## TASK STATEMENT
Your copy must start with the line containing "Hello everyone, welcome" and end with the last line of the entries, matching them exactly and leaving out every picture.

[Records from a data collection]
◇ ◇ ◇ ◇ ◇
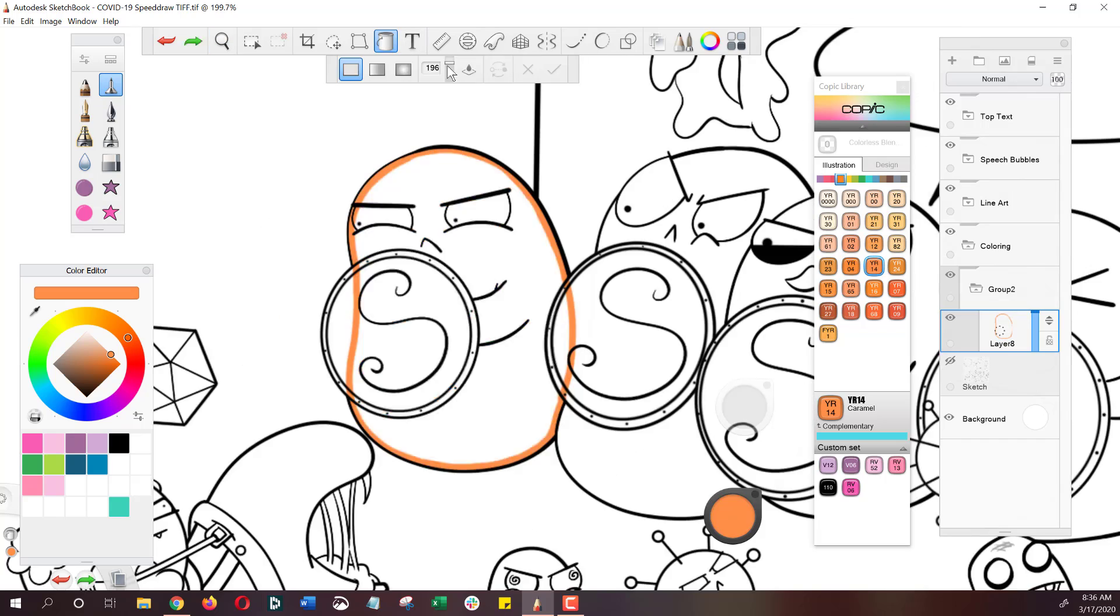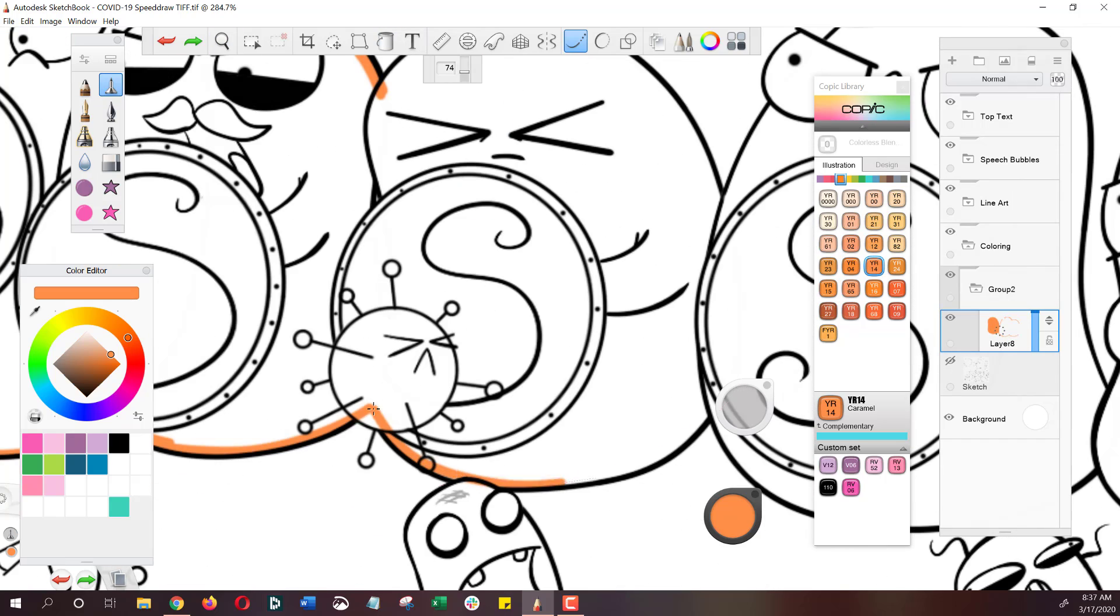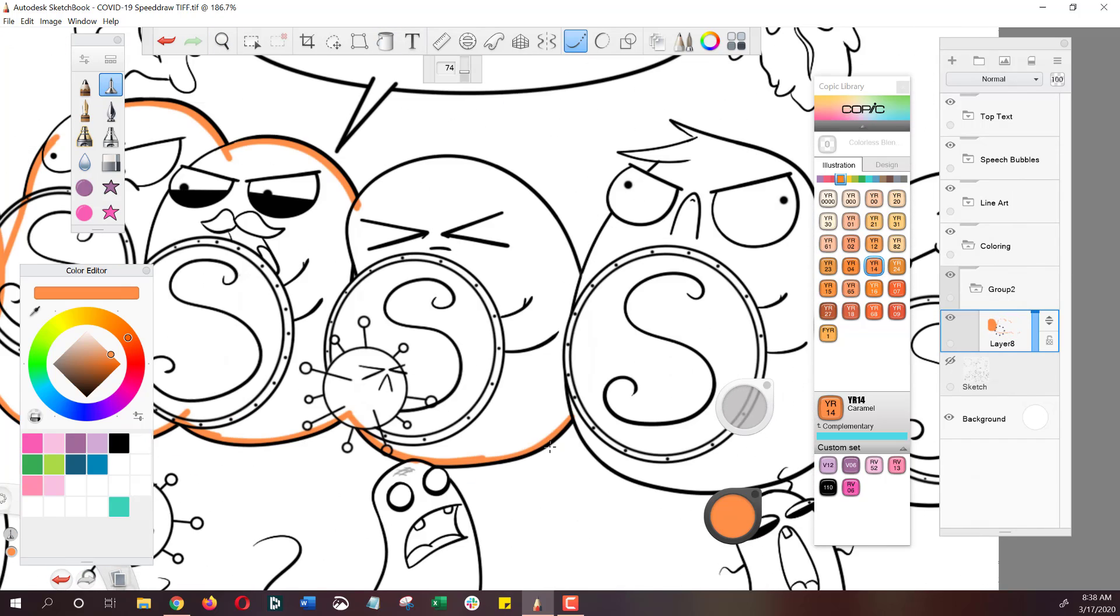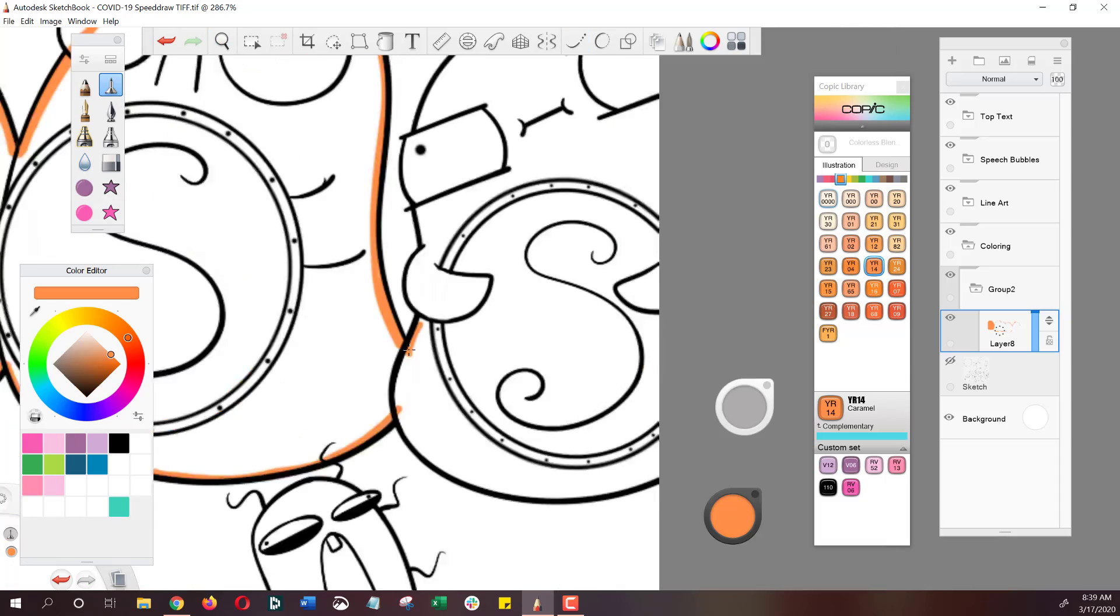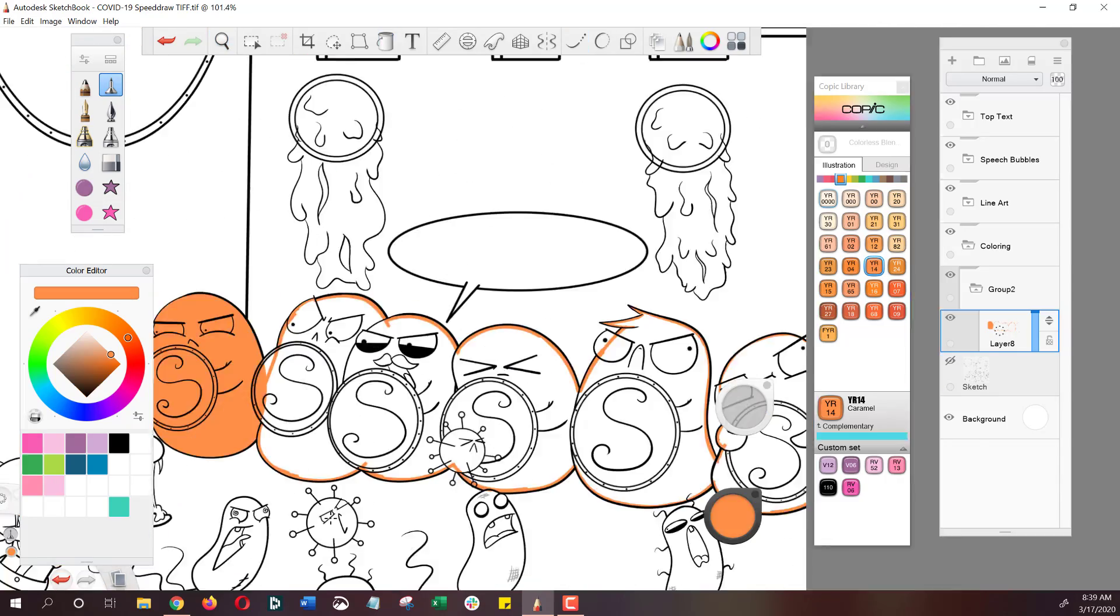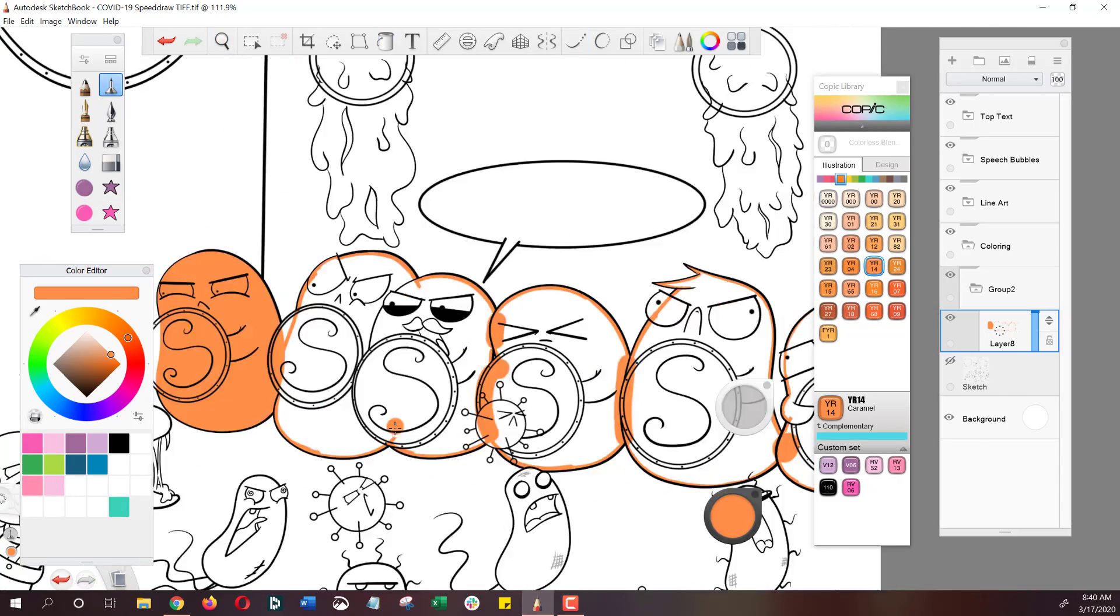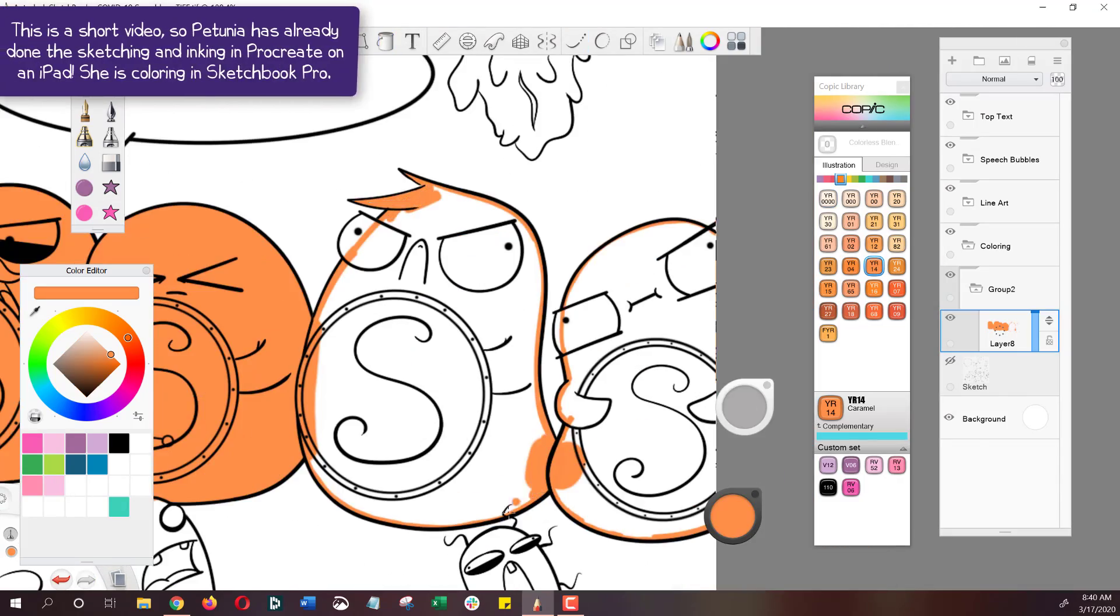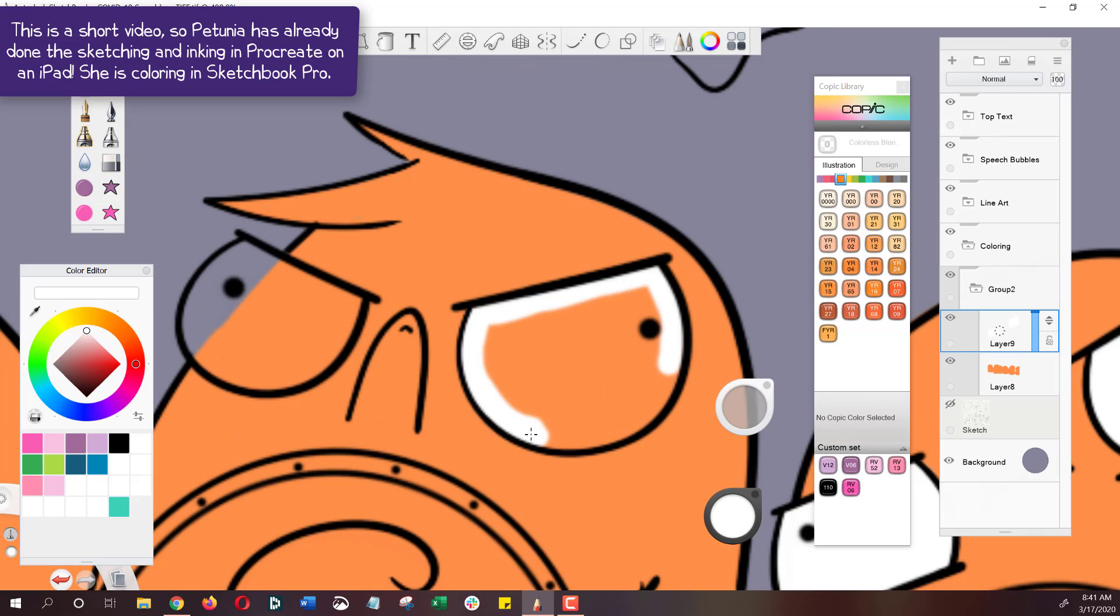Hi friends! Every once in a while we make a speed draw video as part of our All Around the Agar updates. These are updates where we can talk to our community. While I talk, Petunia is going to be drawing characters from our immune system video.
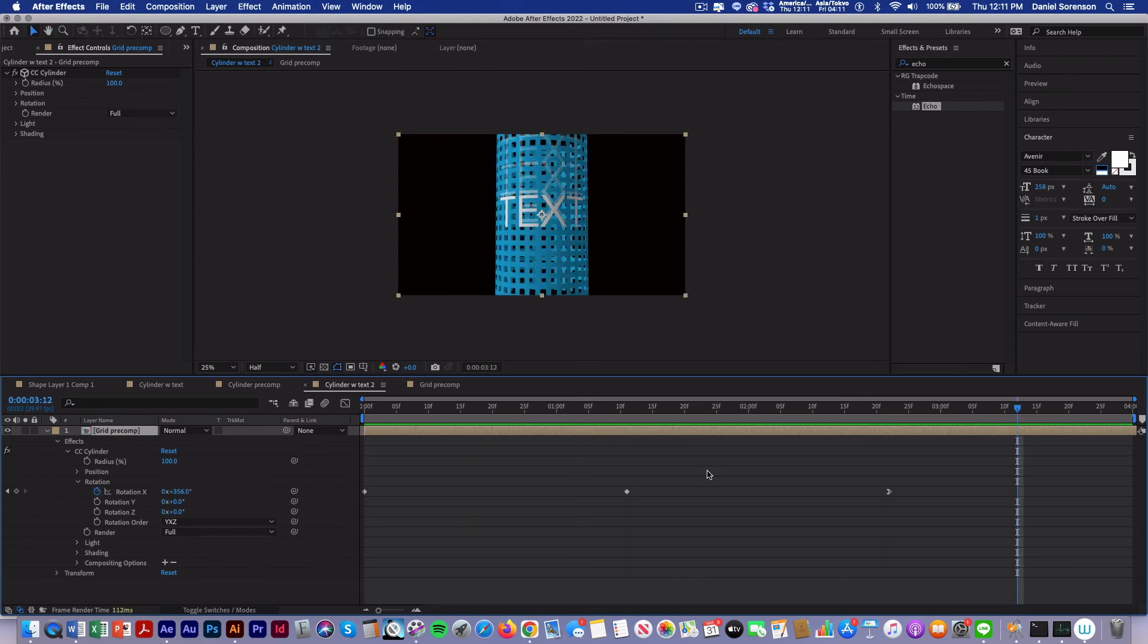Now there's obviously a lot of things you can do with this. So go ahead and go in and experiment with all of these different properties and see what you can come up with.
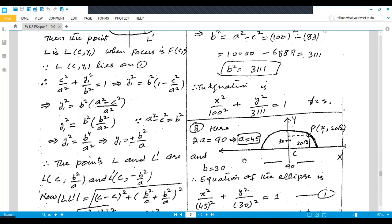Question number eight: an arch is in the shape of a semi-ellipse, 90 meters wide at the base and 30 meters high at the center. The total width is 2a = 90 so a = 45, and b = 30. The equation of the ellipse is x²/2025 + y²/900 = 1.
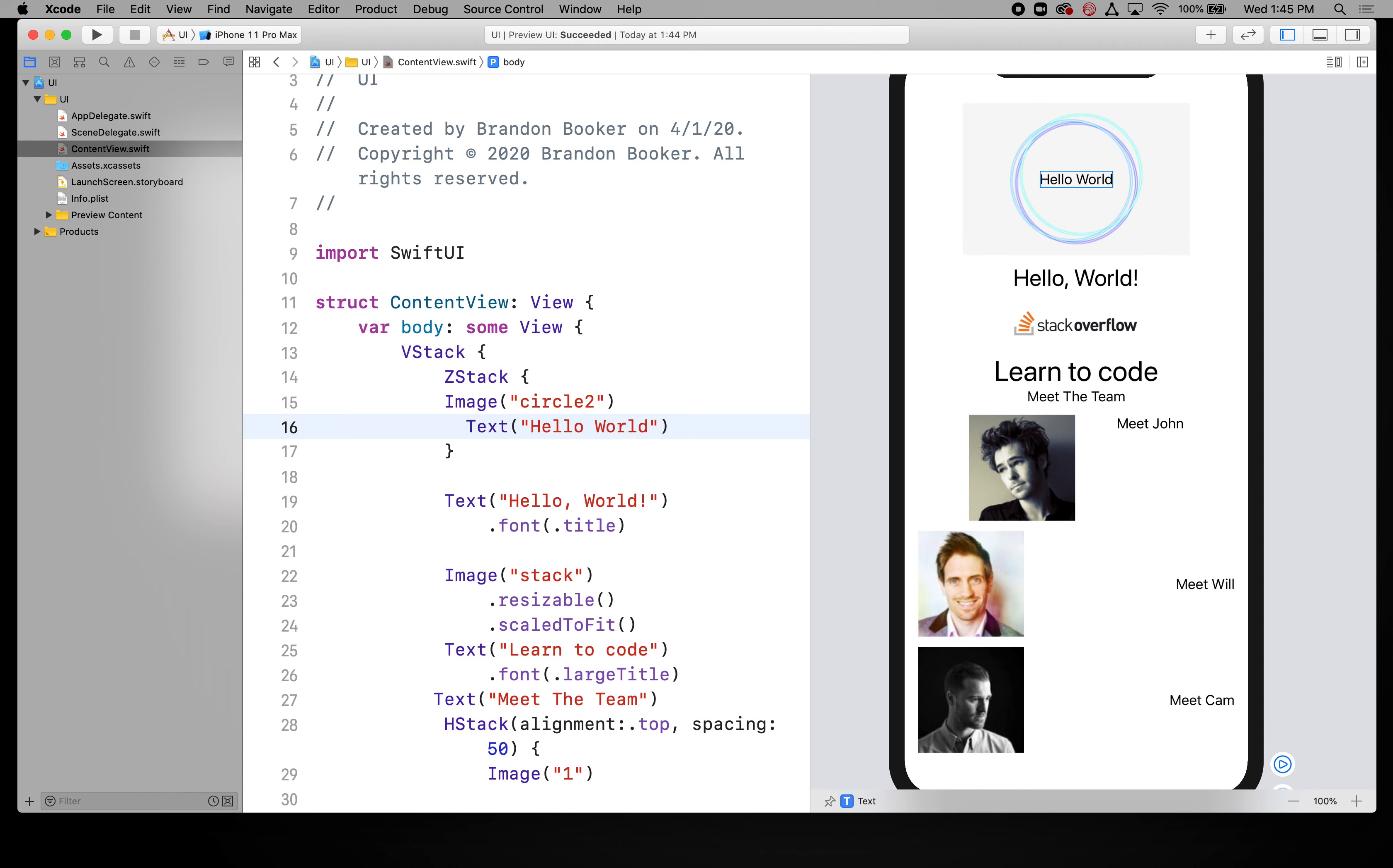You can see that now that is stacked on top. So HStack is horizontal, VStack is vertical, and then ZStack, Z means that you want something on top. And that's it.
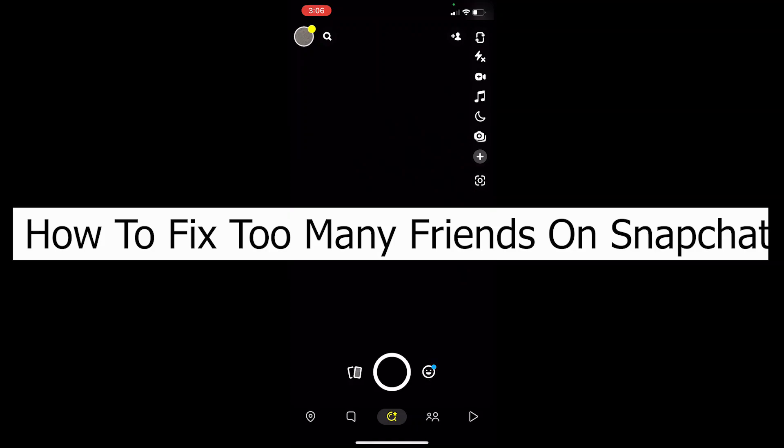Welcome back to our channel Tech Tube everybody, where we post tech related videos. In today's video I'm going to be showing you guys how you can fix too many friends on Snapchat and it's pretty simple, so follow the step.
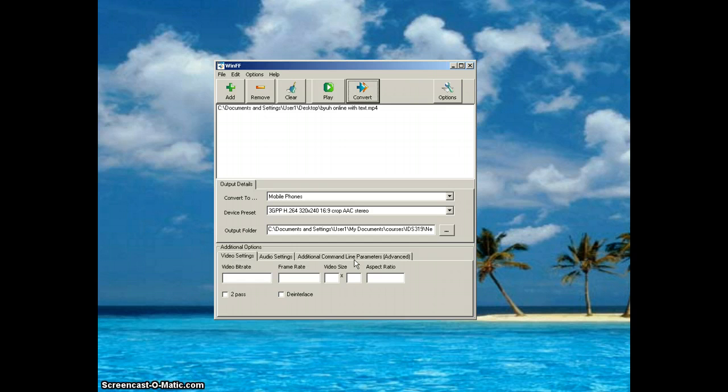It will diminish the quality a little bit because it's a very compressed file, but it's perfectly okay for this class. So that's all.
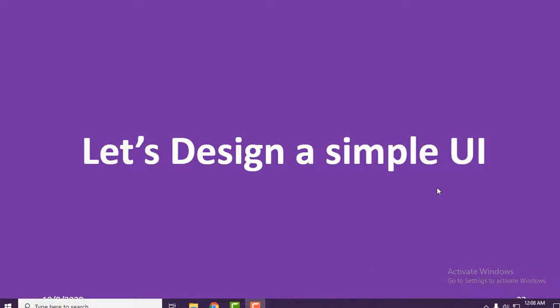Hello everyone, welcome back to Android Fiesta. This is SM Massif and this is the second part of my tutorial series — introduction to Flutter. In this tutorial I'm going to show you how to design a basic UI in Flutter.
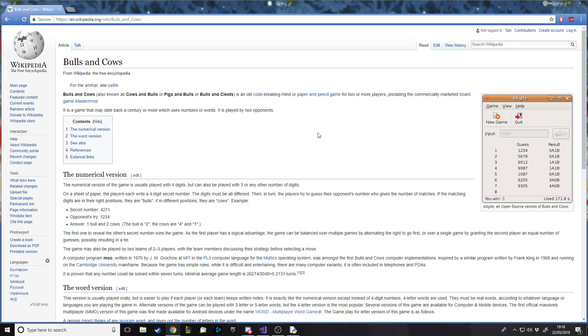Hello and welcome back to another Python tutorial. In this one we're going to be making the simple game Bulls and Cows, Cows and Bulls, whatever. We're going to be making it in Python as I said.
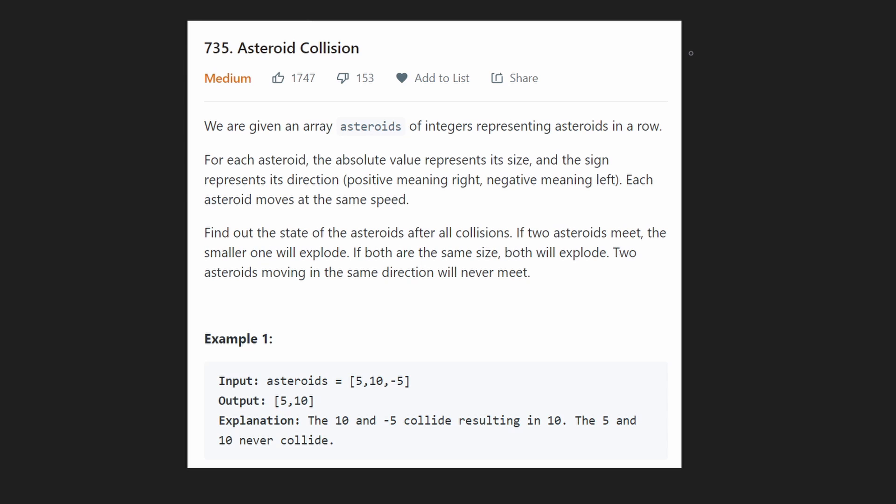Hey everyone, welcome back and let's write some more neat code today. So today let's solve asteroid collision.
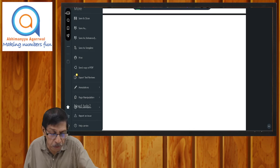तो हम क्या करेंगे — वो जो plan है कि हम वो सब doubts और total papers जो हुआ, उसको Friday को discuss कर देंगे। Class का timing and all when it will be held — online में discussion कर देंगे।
◇ ◇ ◇ ◇ ◇
## YOUR SOLUTION
Hello everyone, welcome back to Android Fiesta. This is SM Massif and this is the second part of my tutorial series — introduction to Flutter. In this tutorial I'm going to show you how to design a basic UI in Flutter.
Hello and welcome back to another Python tutorial. In this one we're going to be making the simple game Bulls and Cows, Cows and Bulls, whatever. We're going to be making it in Python as I said.
Hey everyone, welcome back and let's write some more neat code today. So today let's solve asteroid collision.
तो हम क्या करेंगे — वो जो plan है कि हम वो सब doubts और total papers जो हुआ, उसको Friday को discuss कर देंगे। Class का timing and all when it will be held — online में discussion कर देंगे।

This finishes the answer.